First 'live' video replays trials underway at IFAB workshop

The workshop is being held at Red Bull Arena from 19 to 21 July, with more than 20 leagues and associations in attendance as well as FIFA’s Refereeing and Football Technology Innovation Departments, given that FIFA is supporting The IFAB with technological expertise and research around the video assistant referee (VAR) project.

Competitions in six countries have already confirmed their participation in the two-year trials, which were approved at The IFAB Annual General Meeting in March 2016, while others still have time to join. Provided the initial tests go well, the FIFA Club World Cup Japan 2016 is also set to feature VARs as part of The IFAB trials.  
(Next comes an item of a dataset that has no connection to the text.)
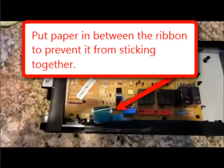Long story short, I did some research on the internet — I don't remember where I read it — but what it turned out to be was the ribbon cable, which you're looking at right now. What I did was I separated that, because it was a little bit stuck.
“Until now, the only experiments that have been conducted in the USA and the Netherlands and elsewhere have been ‘offline’,” says IFAB Secretary Lukas Brud. 

“That means the video assistant referees have been able to familiarise themselves with the technological set-up, assess video replays and practice making decisions on crucial moments, but they have not been able to communicate with the referee. Now, thanks to the support of MLS and the New York Red Bulls, we are testing the technology in a live environment where the video assistant referee is communicating with the referee to help him reduce clear errors in game-changing incidents.”

Workshop participants are being shown how the VAR works in the control room and also how the main referee goes to the side of the pitch on certain occasions to review video footage on a playback device. In addition, attendees are given headsets to hear how the referee and VAR communicate with each other when an incident may need to be reviewed.

A key focus during the current preparation phase is ensuring that the participating competitions educate referees, VARs and technical staff in line with the protocol that was drawn up by The IFAB together with FIFA’s Football Technology Innovation Department. To support The IFAB in this respect, FIFA has decided to implement a VAR training facility at its headquarters in Zurich in the coming months.

In terms of the next steps, additional workshops and meetings – like the recent ones held in the Netherlands and Switzerland – are planned before offline experiments start in the participating countries from August, followed by live experiments in 2017. Based on feedback from the participating competitions, the results of research, and advice from its advisory panels, The IFAB is expected to take a decision in 2018 or 2019 on whether or not VARs should be introduced in football.

The IFAB, which is an independent organisation comprised of the football associations of England, Northern Ireland, Scotland and Wales as well as FIFA, is the only body authorised to decide on and agree changes to the Laws of the Game in consultation with the football community.